Widdershins:

(sometimes withershins, widershins or widderschynnes) means to take a course opposite that of the sun, going counterclock-wise, lefthandwise, or to circle an object, by always keeping it on the left. It also means "in a direction opposite to the usual," which is how I choose to take it in using it as the title of this blog. We're all in the same world finding our own way.

Showing posts with label Fiction. Show all posts
Showing posts with label Fiction. Show all posts

Thursday, April 5, 2012

Science Fiction Tale

So... I don't know exactly what I was thinking when I first wrote this, or even when I wrote this, but I found this start to a short story on my computer and thought it worth sharing.

Science Fiction Tale
A crisis filled the land of Fairytale, and all the surviving heroes, villains and creatures of the stories decided to get together to fix the problem.

Hansel, Little Red, two of the Three Little Pigs, Anansi, Cinderella, Snow White’s Prince Charming, Belle, the Beast, the Frog Prince, two or three Kings, Rumpelstiltskin, a Evil Stepmother, a Wicked Witch, a Fairy Godmother and an odd assortment of talking animals were among the only remaining inhabitants who came to the meeting.

“Where’s my sister?” Hansel whined in a small voice. He looked suspiciously at the Evil Stepmother, but she was from a different story.
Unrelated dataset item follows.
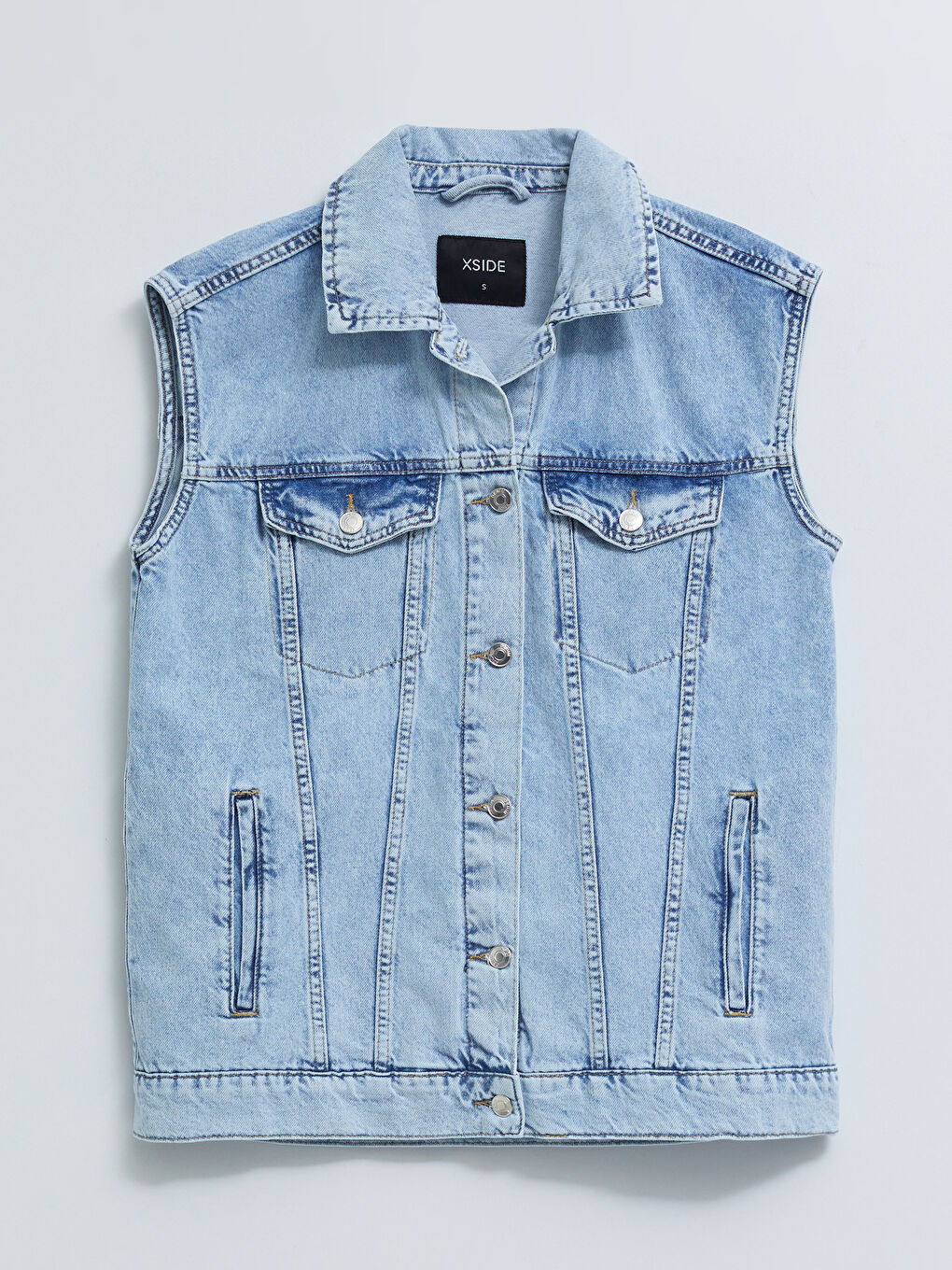 Hemdkragen Schlichte Damen Jeansweste mit Taschen-5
“Child, I regret that we do not know, but I worry for the larger picture,” the Frog Prince said. “Her disappearance is but a symptom in a larger disease.”

“I agree with the talking French cuisine,” said the Witch. “I propose we send out a party to find the source of this weirdness and stop it. I went to visit that girl up in the tower (a dreadful brat who refuses to cut her hair, but someone has to take care of the dear), and instead found a seductive foreign man who tried to bite my neck.”

It was the same all around the circle. Someone was missing or a setting vanished or changed or there were strange new creatures prowling where there shouldn’t be.

As Prince Charming explained it, “I know this enchanted forest like the back of my hand and I’ve never seen anything like those vicious wolves who replaced my Sweet’s seven during the full moon the other night.”

Murmurs of assent came from everyone. Then Little Red spoke up.

“I realize that I may look like an innocent little girl in an unfortunately colored outfit, but I’ve been around as long as any of you. If we’re to get to the bottom of this, I say we find Jack first. By my recollection, he disappeared right around when this began. What the Witch said is right; we need to send out a party to get to the bottom of this.”

Silence fell over the group as they nodded, wondering who would be sent as a member of the search party. To their surprise, it was scared Hansel who volunteered first.

“If it helps find my big sister, I’ll go,” he said.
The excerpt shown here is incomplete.